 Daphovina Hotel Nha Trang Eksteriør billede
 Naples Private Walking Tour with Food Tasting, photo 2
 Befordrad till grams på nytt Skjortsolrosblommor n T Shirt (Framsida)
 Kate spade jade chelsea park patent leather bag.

================================

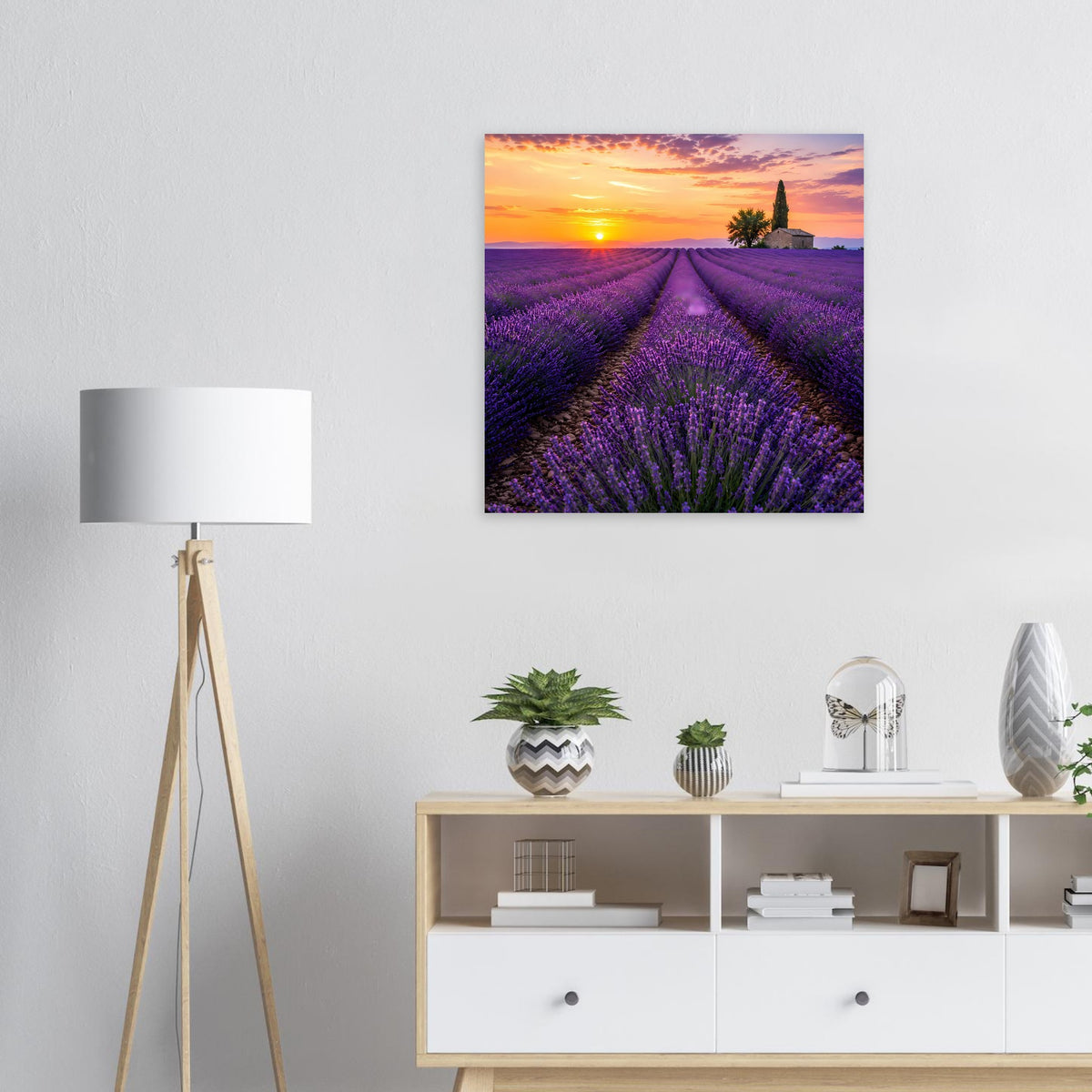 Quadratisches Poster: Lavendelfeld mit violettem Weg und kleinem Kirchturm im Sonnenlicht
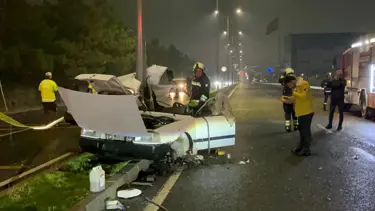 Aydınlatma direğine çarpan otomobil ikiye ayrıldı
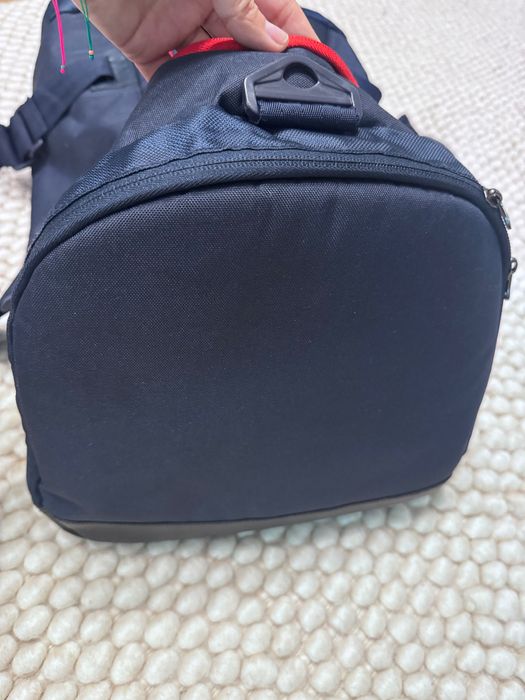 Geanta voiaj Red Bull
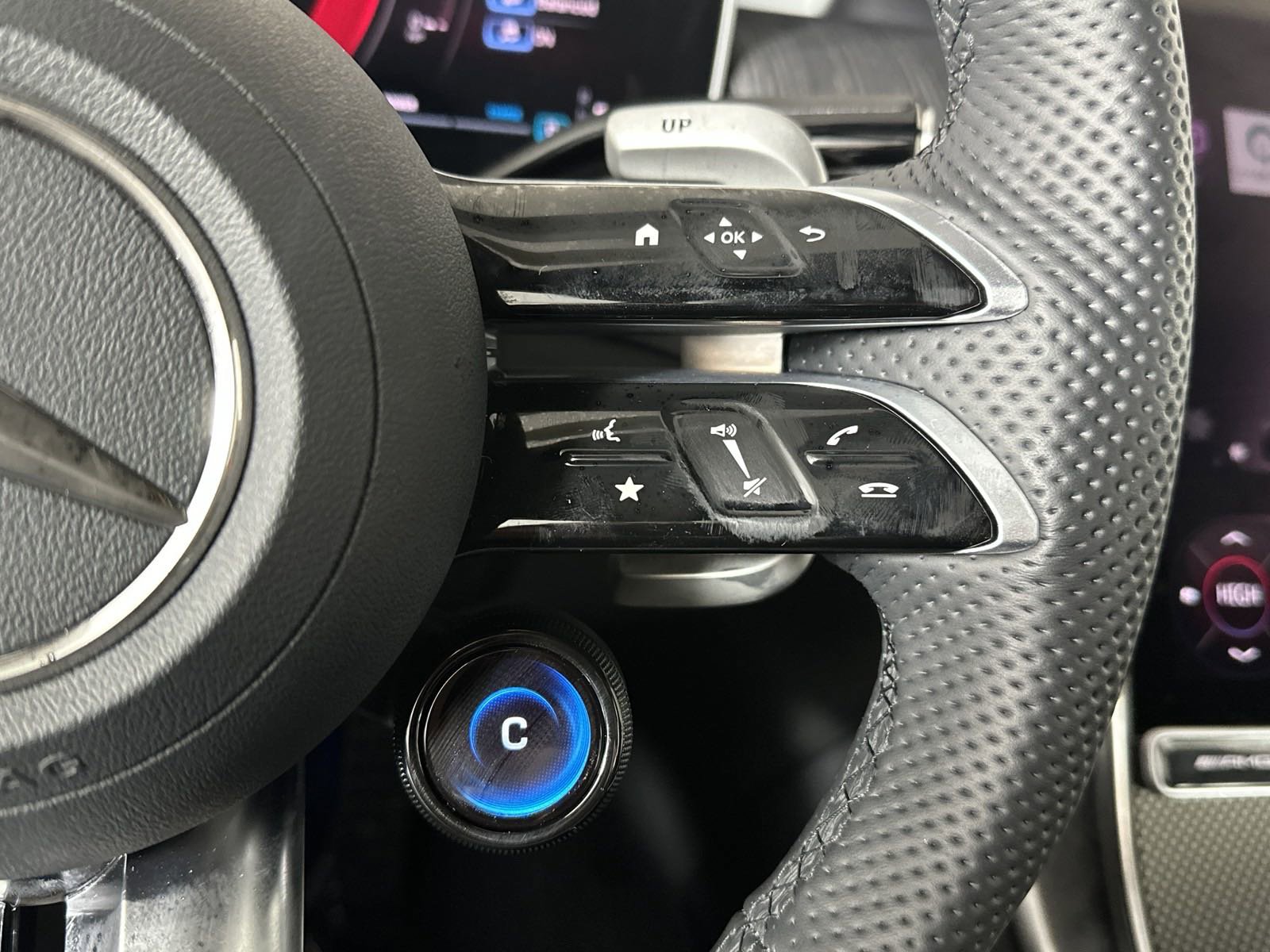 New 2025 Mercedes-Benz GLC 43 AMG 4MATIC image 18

================================

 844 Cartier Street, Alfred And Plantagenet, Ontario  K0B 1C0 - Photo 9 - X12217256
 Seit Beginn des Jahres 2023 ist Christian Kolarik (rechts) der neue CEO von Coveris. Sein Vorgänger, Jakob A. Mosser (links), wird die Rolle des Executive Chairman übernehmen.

================================

**BRIEF:** Look above for the line that contains "Daphovina Hotel Nha Trang Eksteriør billede". Starting there, transcribe every line exactly until you have copied the line that contains "Kate spade jade".

**SOLUTION TO THIS TASK:**
 Daphovina Hotel Nha Trang Eksteriør billede
 Naples Private Walking Tour with Food Tasting, photo 2
 Befordrad till grams på nytt Skjortsolrosblommor n T Shirt (Framsida)
 Kate spade jade chelsea park patent leather bag.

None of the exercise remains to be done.